**Task brief**
Each line from the one holding "Mini GT BMW i7 xDrive60 Aventurin 952" to the last line below must be written out exactly, with no other output.

Stored entries:
----------
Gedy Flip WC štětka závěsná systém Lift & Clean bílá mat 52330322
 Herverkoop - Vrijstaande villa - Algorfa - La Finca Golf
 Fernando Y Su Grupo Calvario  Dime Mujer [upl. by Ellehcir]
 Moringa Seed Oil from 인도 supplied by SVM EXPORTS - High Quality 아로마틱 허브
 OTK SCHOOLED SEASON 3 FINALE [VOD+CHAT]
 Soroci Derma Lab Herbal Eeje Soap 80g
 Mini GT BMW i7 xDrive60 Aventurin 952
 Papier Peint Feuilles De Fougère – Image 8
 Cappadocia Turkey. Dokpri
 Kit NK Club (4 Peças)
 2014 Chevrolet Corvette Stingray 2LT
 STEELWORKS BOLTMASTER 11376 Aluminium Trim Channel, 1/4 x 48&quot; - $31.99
----------
**Reply**
 Mini GT BMW i7 xDrive60 Aventurin 952
 Papier Peint Feuilles De Fougère – Image 8
 Cappadocia Turkey. Dokpri
 Kit NK Club (4 Peças)
 2014 Chevrolet Corvette Stingray 2LT
 STEELWORKS BOLTMASTER 11376 Aluminium Trim Channel, 1/4 x 48&quot; - $31.99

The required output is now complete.